Giordani, questo sconosciuto
In questa primavera tragica sono passati in secondo piano molti anniversari che, in tempi normali, sarebbero stati meglio ricordati. Tra questi ne rammentiamo uno. Circa quarant’anni fa, il 18 aprile 1980, moriva Igino Giordani, oggi più conosciuto come “Foco”, il nome con cui lo si chiamava nel Movimento dei Focolari, del quale fu co-fondatore insieme a Chiara Lubich e Pasquale Foresi. Oggi non si sa molto della sua attività all’Assemblea Costituente (ma chi si ricorda almeno 10 nomi di suoi componenti?) ed è ancora meno è noto che fu uno dei primi collaboratori di don Sturzo.
Generalmente la stagione politica dell’Italia tra la fine della prima guerra mondiale e l’inizio della dittatura è ignota. Fu la stagione che vide, tra le sue controverse vicende, l’appello del sacerdote siciliano agli “uomini liberi e forti” che, con la fondazione del Partito Popolare, diede l’avvio alla presenza politica organizzata dei cattolici italiani.

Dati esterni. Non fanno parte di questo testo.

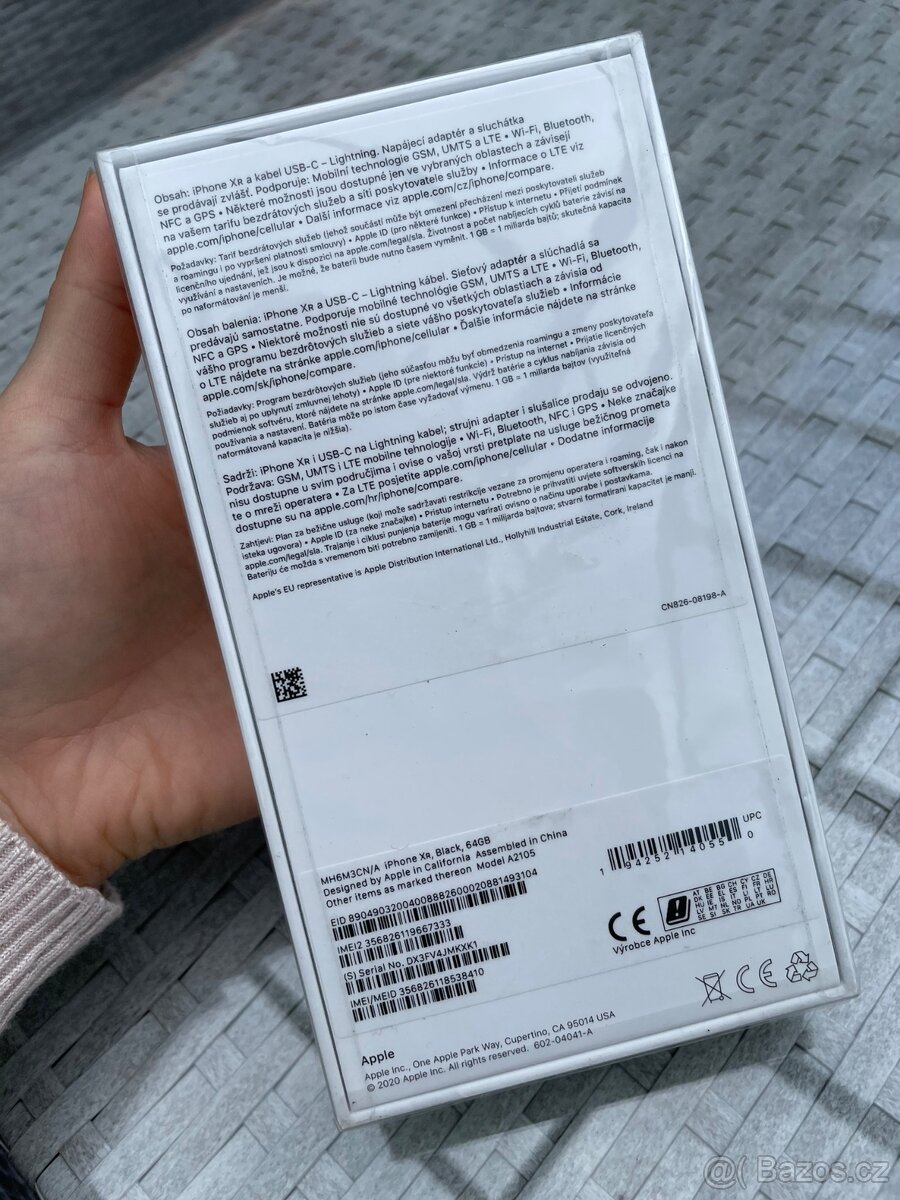 iPhone XR 64gb Black - nový - 3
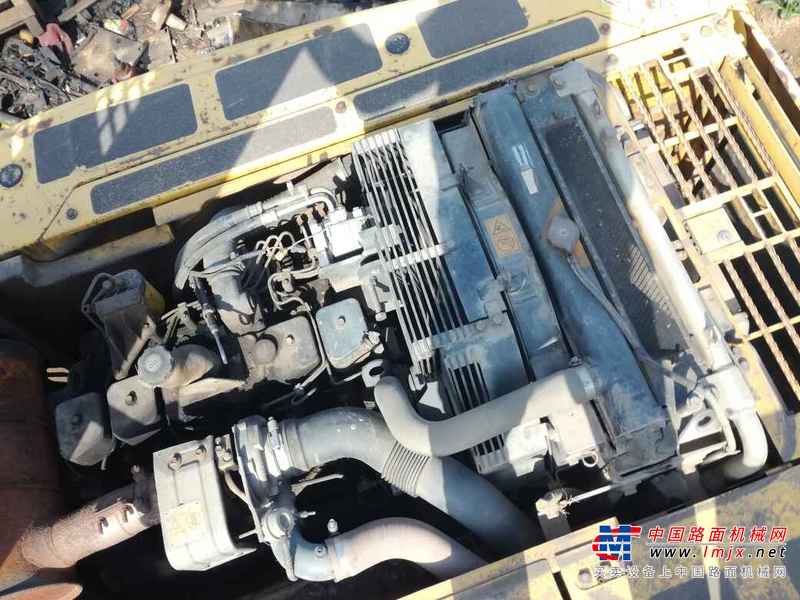 河南出售转让二手9800小时2003年小松PC200挖掘机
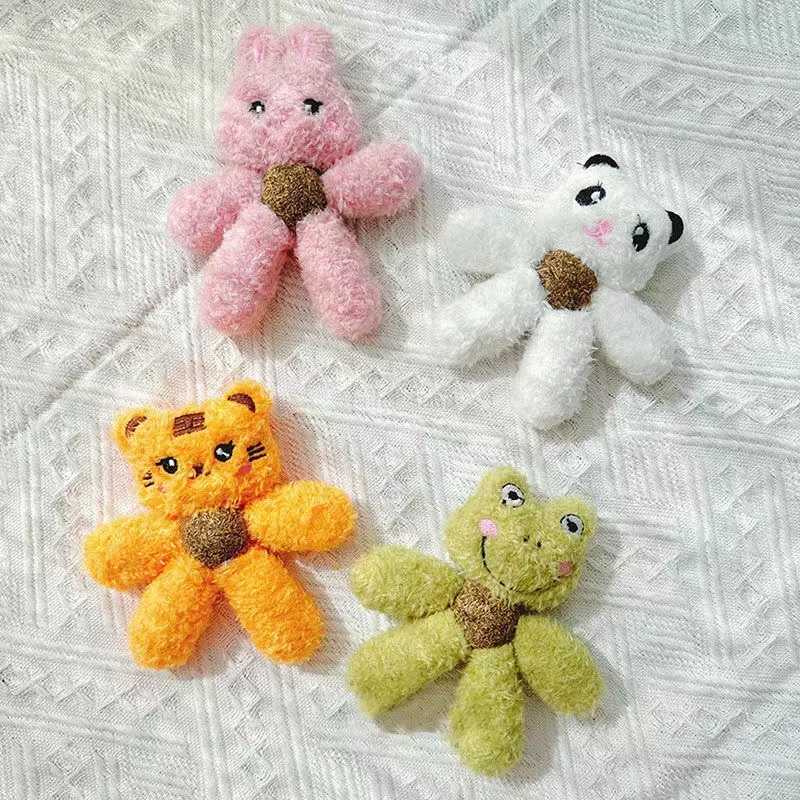 Cats Chew Toys Cute Catnip Toy For Pets Cute Cat Toys For Kitten Teeth Grinding Cat Plush Thumb Pet AccessoriesXJ240801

Nonostante alcuni errori (il gruppo parlamentare inizialmente appoggiò il primo governo di Mussolini), quella formazione politica fu antifascista, ebbe caratteristiche innovative per il paese e pose le basi per la creazione di una parte importante della classe dirigente che poi guidò la ricostruzione. Un liberale, che ai cattolici faceva pochi sconti, Piero Gobetti (quindi non lo si poteva accusare di adulazione), così descriveva quel partito e i suoi componenti, tra i quali anche Giordani: “Il partito ha resistito a tutti gli attacchi; è diventato un partito di molti giovani e di pochi preti, ha eliminato gli uomini del vecchio clericalismo; è sempre più indipendente dalla politica romana, è quale lo foggiano i ceti umili delle province. […] Mentre le classi dirigenti dei partiti italiani sono costituite di settantenni o di imberbi o di intellettuali, bisogna riconoscere che il partito di don Sturzo ha degli uomini nuovi abituati a trattar realisticamente di amministrazione e di politica: almeno una cinquantina di persone come De Gasperi, Donati, Gronchi, Merlin, Piccioni, […] Giordani, Mentasti, Ravaioli, Galati”.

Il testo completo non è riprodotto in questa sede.